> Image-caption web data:
»»

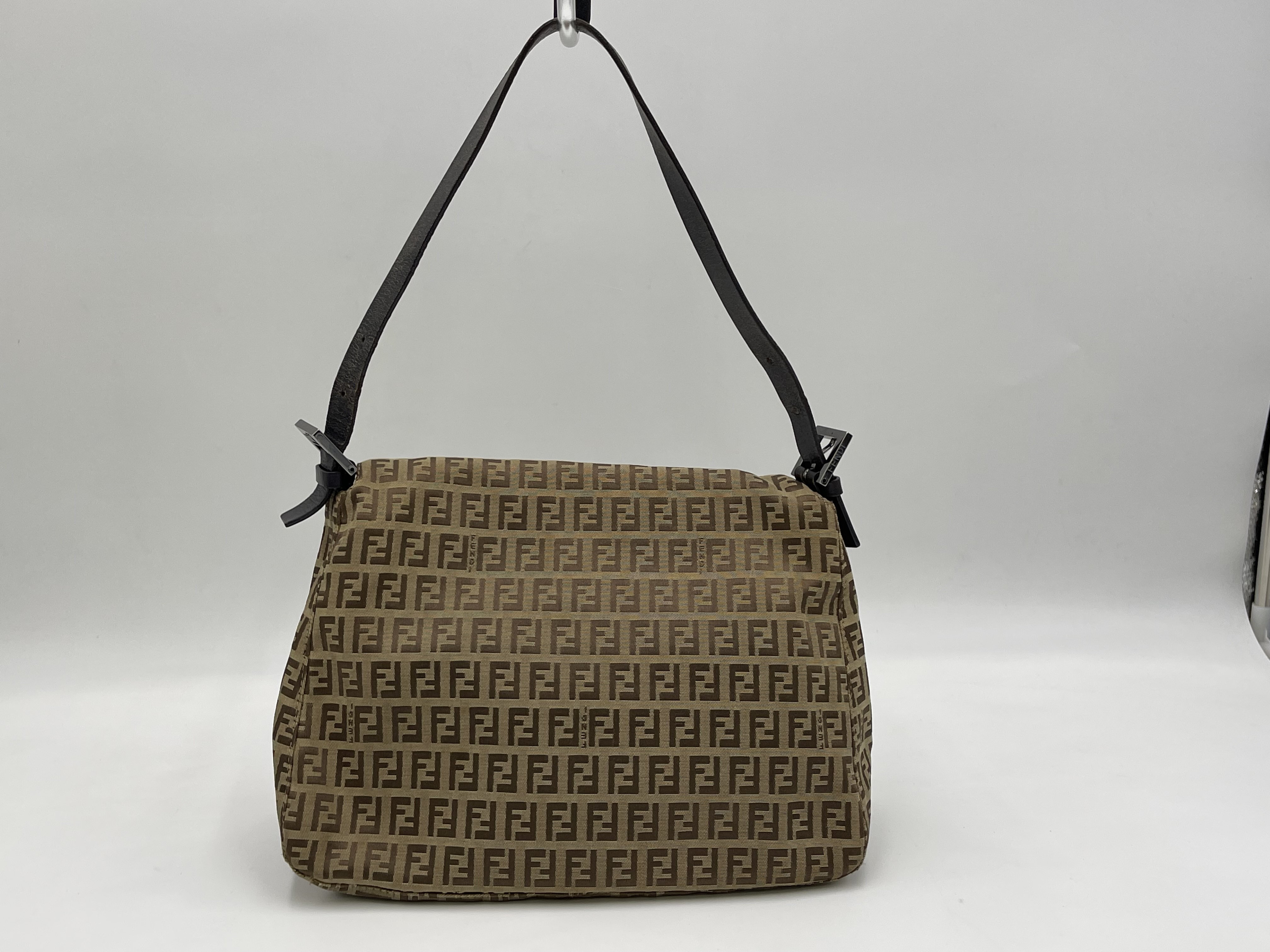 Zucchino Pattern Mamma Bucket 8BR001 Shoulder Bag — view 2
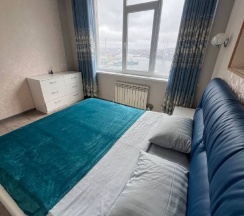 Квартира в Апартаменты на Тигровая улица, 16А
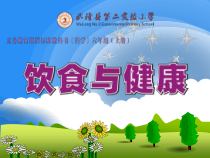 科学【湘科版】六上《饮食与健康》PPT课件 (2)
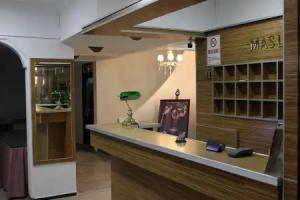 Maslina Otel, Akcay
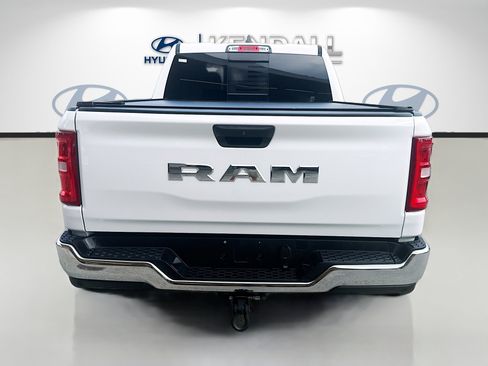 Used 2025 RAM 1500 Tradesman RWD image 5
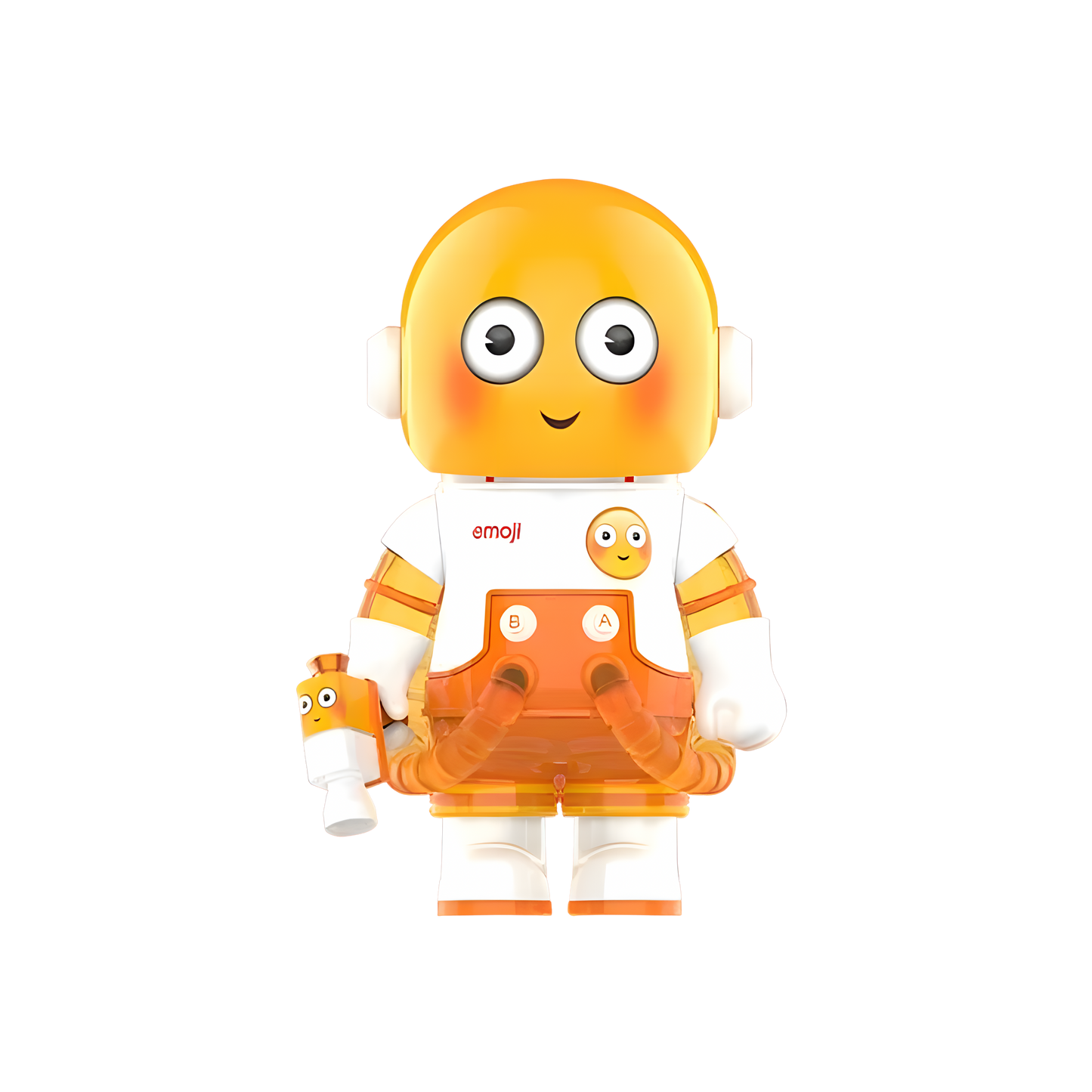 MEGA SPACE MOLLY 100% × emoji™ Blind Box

««

> Aim of the task: From the line containing "科学【湘科版】六上《饮食与健康》PPT课件 (2)" down to the last line of the entries above, set down every line exactly. Omit all pictures.

> Response for this exercise:
 科学【湘科版】六上《饮食与健康》PPT课件 (2)
 Maslina Otel, Akcay
 Used 2025 RAM 1500 Tradesman RWD image 5
 MEGA SPACE MOLLY 100% × emoji™ Blind Box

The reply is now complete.